Was there anything specific that turned you off from Julia?
One major issue with Julia is that it only recently reached 1.0, with a lot of breaking changes, that make a lot of libraries incompatible.
Another issue is that it's not always that fast, for a recent project I never managed to exceed 100 MFLOPS, at which point I switched to C++ and got 3 GFLOPS. But the python version stalled out at 4 MFLOPS though...
Did you write type-unstable code? That brings Julia performance down and memory usage up, since things often get inferred to be Any. So, a vector of what you think are doubles could be turned into a boxed vector of Any. It will slow things down to the speed of Python. Fortunately, it's usually pretty easy to avoid this if you are aware of it.
Well-written Julia should always be within a factor of 2-3 of C, often less. Huge problems are done in pure Julia now. Pure Julia code has been run on HPCs to over a petaflop, something that only C/C++ and Fortran have done. 100 MFLOP is not a problem.
Here is a reference for the comment above and a brief excerpt,
"Written in the productivity language Julia, the Celeste project—which aims to catalogue all of the telescope data for the stars and galaxies in in the visible universe—demonstrated the first Julia application to exceed 1 PF/s of double-precision floating-point performance (specifically 1.54 PF/s)." [1]
Very roughly without knowing details: probably the Julia implementation can be tuned to get close to 3 GFLOPS; it's not that the language has limitations to get above this 100MFLOPS whereas in Python 4MFLOPS might potentially be the best you can get.
Care to share your code and see if it can be improved upon?
I think the main performance bottleneck is that I'm adding to a submatrix. Which seems to be a big performance hit in basically all high level languages.
Note that the blog post is also about deployment, not just about performance. Does Julia support statically compiled executables without dependencies or GC?
Unfortunately, not really. There is some community work in that regard [1], but it doesn't seem to get as much attention as one would like. Some people have gotten it to work, but official support (guaranteeing maintenance and decent documentation) for static compilation and easy deployment would make a huge difference.
They're similar in concept, but very different in focus. Nuitka main goal is to be 100% compatible with cpython, something which will often mean sacrificing performance compared to pythran.
Pythran main aim is to be fast, and to achieve this they're willing to only support a small subset of python.

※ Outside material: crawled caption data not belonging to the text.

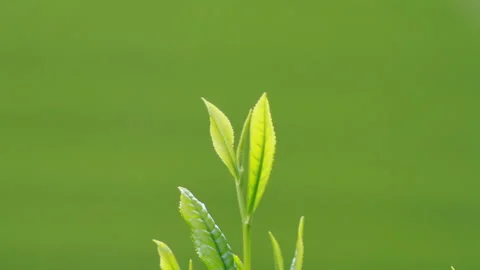 Japanese tea fields and tea leaves Stock Footage 100318371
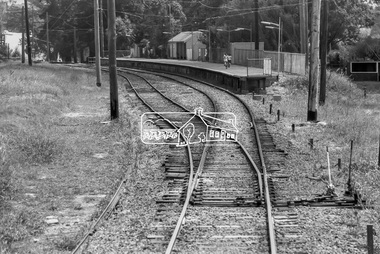 Photograph, George Coop, Approaching Diamond Creek Railway Station from Hurstbridge, 6 December 1980, 1980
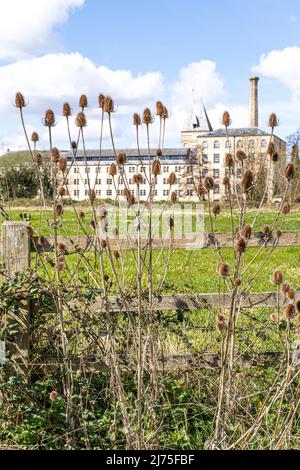 Teasels poussant sur Ebley Meadows en face d'Ebley Mill, une usine de tissus de 19th siècles maintenant transformée en bureaux pour le Conseil de district de Stroud, Ebley, Glou Banque D'Images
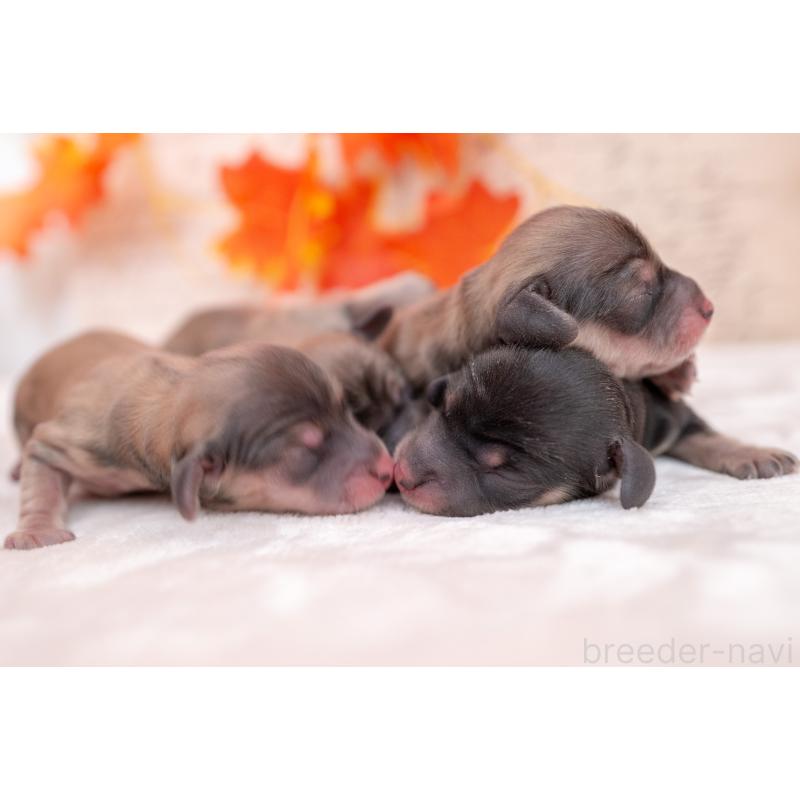 販売中の静岡県のカニンヘンダックスフンド(ロングヘアード)-424548の8枚目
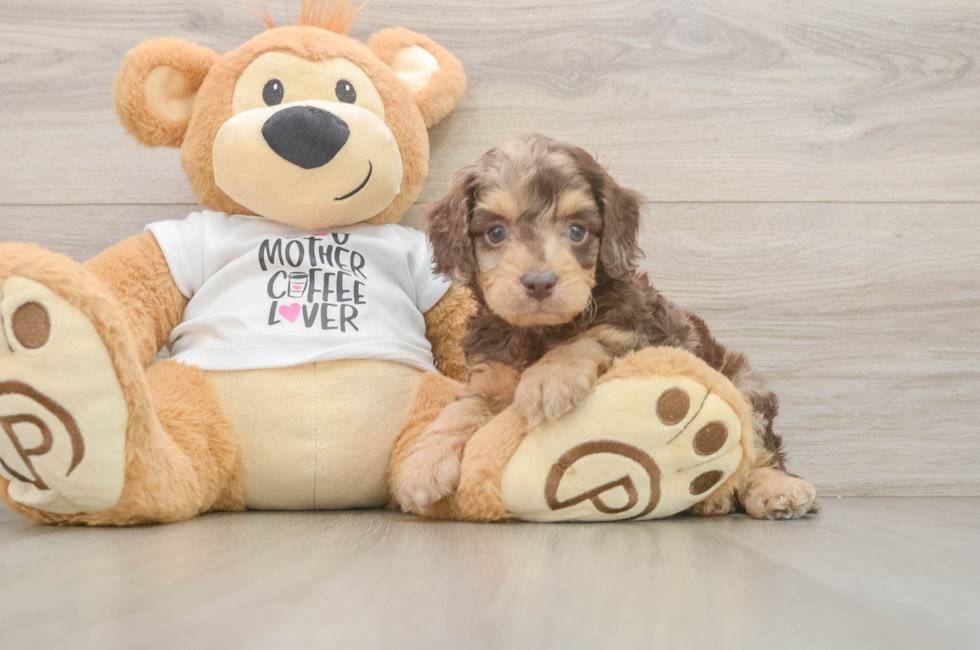6 week old Cockapoo Puppy For Sale - Lone Star Pups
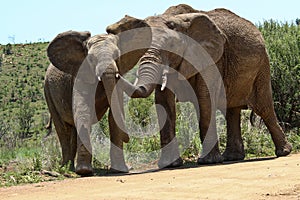 Elephants photo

As Nuitka's performance gets better and Pythran starts to support more and more of python, perhaps they'll converge at some point in the future.
Does Pythran work with things like opencv and sklearn as python modules or does code have to be written to explicitly enable them?
It feels to me like Pythran + opencv would be a killer combination since it can take 300+ lines of C++ to achieve what you can with 40ish lines of numpy, opencv and python.
Was Cython given a consideration for this project?
I see that you are involved with the Pythran project, so could you tell us the shortcomings of Cython? As I understand it, before Pythran didn't support Python 3, but seems like that has changed
In order to achieve top performance, in the context of numerical simulations, you generally end up explicity writing the loops are implicit in high-level numpy (less abstraction).
Cython does not perform any high-level optimisation on the code, while Pythran does. For instance Pytrhan computes whether an array index may be negative or not, and generates wraparound only when needed. On the otherhand Cython requires a compiler directive to do so.
That being said, Cython can do plenty of stuff Pythran cannot: import native libraries, wrap classes, mixed Python/native mode etc. It has a much stronger codebase (more tested/validated) and a larger community.
For me, the biggest shortcoming: Cython does not create independent C++ code (independent of the python interpreter that is) that can be used in a separate C++ code base. My main point is that pythran makes it possible to deploy python/numpy code as C++ code.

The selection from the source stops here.